A Beginner’s Guide to Professional Employment Organisations (PEO)
10th June 2019
The phone rings at PEO Worldwide’s headquarters in Birmingham. It’s a new enquiry! A business headquartered in the USA has identified some great talent in Europe and they outline their three options to us:
To engage the person as an independent contractor.
To register their own entity and employ directly.
To use a Professional Employment Organisation like PEO Worldwide.
Option one usually deals with itself because “contractor or employee” is a determination of the situation rather than a choice. In most jurisdictions, if an individual works full-time for just one business, they would be considered an employee. A true independent contractor dictates their own work patterns, carries their own branded business card and may have multiple client’s businesses for whom they work.
Of course, this doesn’t stop some from operating “under the radar”, using a contractor relationship to avoid paying employment related taxes or providing the statutory benefits which would come with direct employment. But for most, understanding that, if and when the relationship between individual and company unravels, there is a very real risk of a retrospective claim of an employer / employee relationship (and all the accrued) liabilities which come with that) is sufficiently off-putting.

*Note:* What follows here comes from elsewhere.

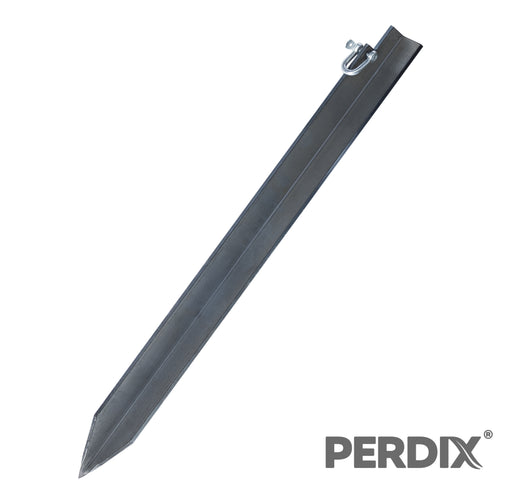 PERDIX Ground Anchor Stake (inc. D-Shackle). Made from 4mm steel, these stakes will penetrate very hard ground conditions easily.  A 5mm D-Shackle is included to provide a secure anchor point.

Option two can often seem like a good choice. The business wants to do things properly, they are prepared to pay the proper employer taxes and to offer paid time off and statutory benefits as a minimum. Indeed, registering a new business entity is straightforward and not terribly expensive in many European countries. The issue, however, is that registering an entity is just the tip of the iceberg. The infrastructure needed for compliant employment will include a bank account, a locally compliant employment contract, a payroll registration, ongoing payroll management, benefits schemes, retirement savings plans, HR management and, in the case of the EU, an understanding of GDPR compliance. These are all completely achievable and will be the right choice for some businesses but be prepared for a resource heavy and expensive process with a timeline likely to be several months before the new entity is ready to employ.
Option three, using PEO Worldwide, is often new to our prospective clients. So what is a PEO and when is it a suitable choice for employment overseas? PEO, or a Professional Employment Organisation, is a third-party business already set up to act as the legal Employer of Record on behalf of the client. A co-employment relationship exists with PEO Worldwide taking care of the payroll, benefits and HR elements and our client dictating the day to day activities expected of the employee. PEO Worldwide ensures that all the correct taxes are paid, the labour laws of the country are adhered to and the employment situation remains compliant. The PEO solution is ready to use at short notice and, unlike with option two, there is no legal entity to wind down should there no longer be a need to operate in the foreign jurisdiction.
In summary then, all three options are valid in their own circumstances. But if it is determined that an employer / employee relationship exists, if there is insufficient time or resource to register a new entity and set up to employ directly, then PEO Worldwide can offer an affordable, turnkey solution to help your business grow overseas.